(Reuters) - Shares of Celgene Corp (CELG.O) rose as much as 9.7 percent on Monday after a late-stage clinical trial showed its drug Abraxane improved survival in patients with pancreatic cancer.
Celgene, which unexpectedly reported the results late on Friday, did not give details of the extent of the improvement, saying it would do so at a medical meeting in January.
Abraxane is already approved to treat breast and lung cancer and the company will apply for approval from regulators to market the drug to treat pancreatic cancer as well.
Analysts sought to tease out the magnitude of the benefit using data from previous trials of Abraxane and historical results achieved by the chemotherapy used in the trial, gemcitabine.
“We believe Abraxane would very likely have provided at least a 2 month - if not greater - median overall survival benefit versus gemcitabine alone - clinically meaningful, in our view,” said Brian Abrahams, an analyst at Wells Fargo Securities LLC, in a research report.

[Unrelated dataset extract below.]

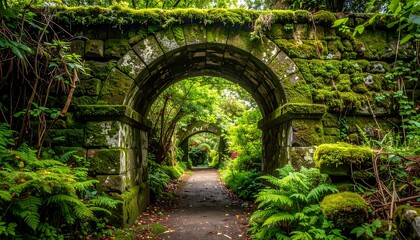 Obraz premium Scenic arched pathway with vibrant green foliage and moss-covered stone structure creating a mystical garden ambiance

Celgene acquired Abraxane when it bought Abraxis BioScience in 2010 for $2.9 billion. The drug combines the cancer chemotherapy paclitaxel with a protein called albumin which Celgene believes helps deliver a greater amount of chemotherapy to cancer cells with fewer side effects.
Some analysts had viewed the price paid by Celgene for Abraxis as excessively high; but subsequent positive results of the drug in lung cancer, melanoma, and now pancreatic cancer, suggest the price may have been justified.
In October the company released results of a late-stage clinical trial showing patients with melanoma lived for a longer period without getting worse than those who received the chemotherapy dacarbazine.
Analysts say the drug will probably need to show that it also improves overall survival in patients with melanoma if it is to be competitive with Bristol-Myers Squibb’s (BMY.N) Yervoy and Roche Holding AG’s ROG.VX Zelboraf.
Celgene has said it expects sales of Abraxane, assuming it is approved in all indications it is being tested in, of $1 billion to $1.25 billion by 2015.
Matthew Roden, an analyst at UBS Securities LLC, said Abraxane could generate peak global sales of around $500 million in pancreatic cancer alone, possibly rising as high as $1 billion if the survival advantage is dramatic.
On the other hand, if the data is not sufficiently robust to drive high utilization, those sales could be in the $200 million range, he said in a research report.
Celgene’s shares were up 4.8 percent at $74.92 on the Nasdaq on Monday morning, off an earlier high at $78.46.